RFR(S): 8223444: Improve CodeHeap Free Space Management

Schmidt, Lutz lutz.schmidt at sap.com
Wed May 15 12:53:59 UTC 2019

Hi Erik,

had not heard that. Just to make sure I understand your statement correctly: on SPARC, memset does something fancy which causes random byte values to become visible to concurrent readers. Correct?

As you state, sufficiently capable compilers will recognize explicit initialization loops and convert them to memset calls. Replacing the loop by a memset call therefore does not introduce a new risk. If at all, it changes probabilities.

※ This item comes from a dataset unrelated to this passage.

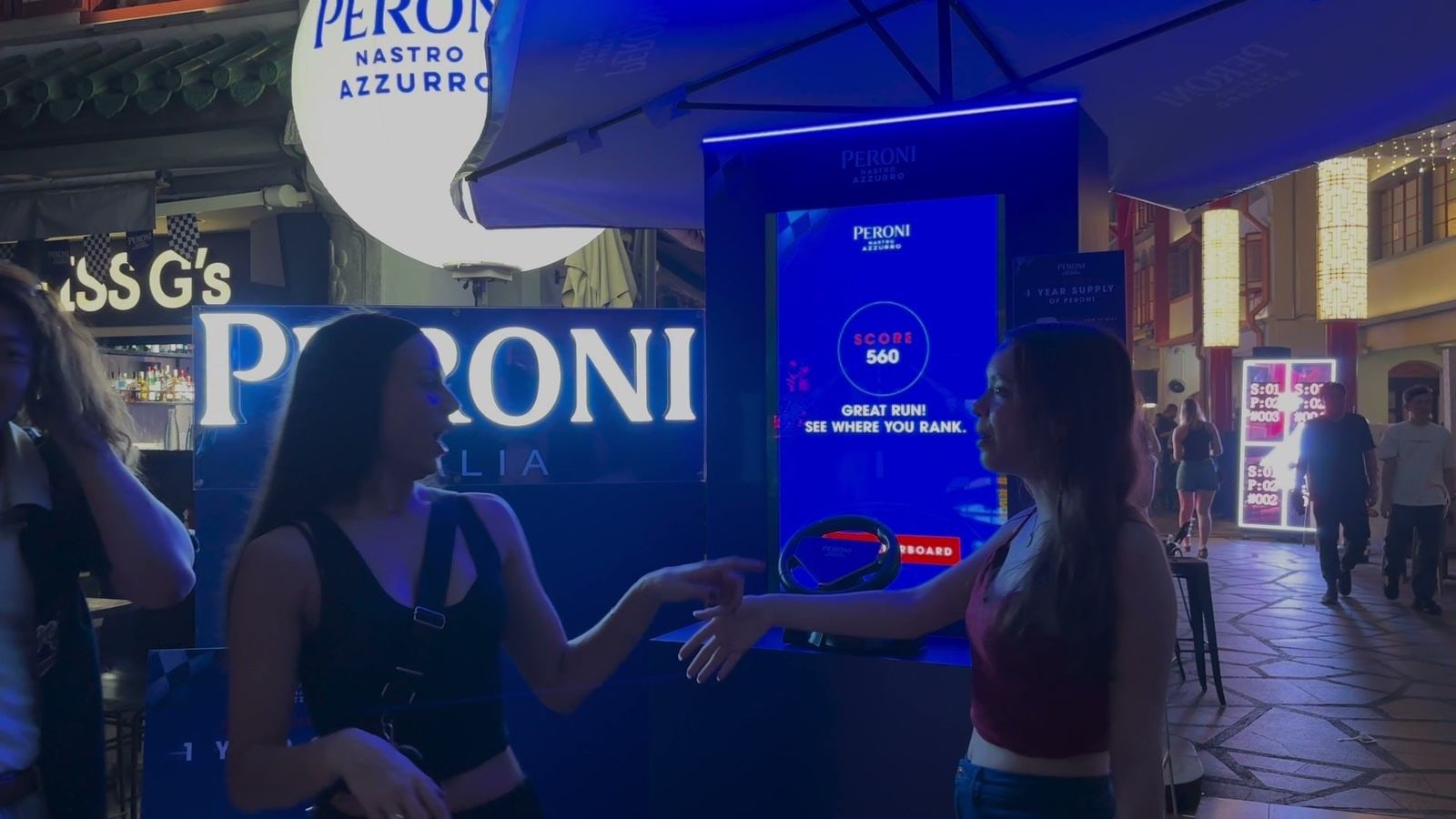 Two friends shaking hands in front of the Speed Collector score screen at the Peroni booth, powered by qiksense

Furthermore, I do not see concurrent readers. Segment map initialization is only called when the CodeHeap is expanded or when it is cleared in its entirety.

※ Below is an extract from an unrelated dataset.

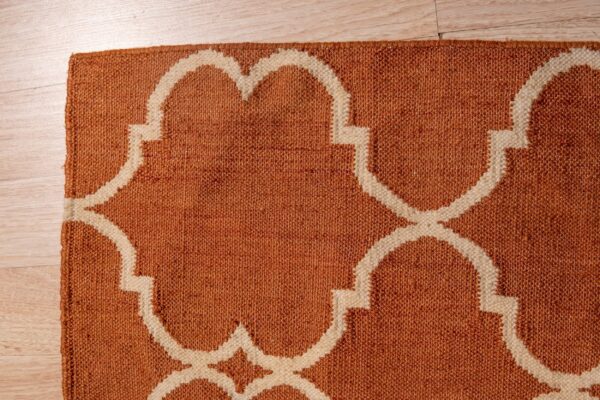 Textured, burnt orange rug with a bold cream trellis pattern sits on light wood flooring.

If anybody has I remaining concern, I’m ready to revert from memset to explicit loop.

Thanks for your heads up!

From: Erik Osterlund <erik.osterlund at oracle.com>
Date: Wednesday, 15. May 2019 at 09:22
To: Lutz Schmidt <lutz.schmidt at sap.com>
Cc: Vladimir Kozlov <vladimir.kozlov at oracle.com>, "hotspot-compiler-dev at openjdk.java.net" <hotspot-compiler-dev at openjdk.java.net>
Subject: Re: RFR(S): 8223444: Improve CodeHeap Free Space Management


Didn’t read the full conversation, only the part where it was claimed we have byte atomicity on all platforms with memset.
That’s not true. On SPARC, the default is to use block initializing stores (BIS), which exposes concurrent readers to out-of-thin-air values that were never in the original memory state or the new memory state.

Moreover, the compiler is allowed to, and will also in practice, transform a loop that performs memset, into a memset call as long as the memory being memset is non-volatile.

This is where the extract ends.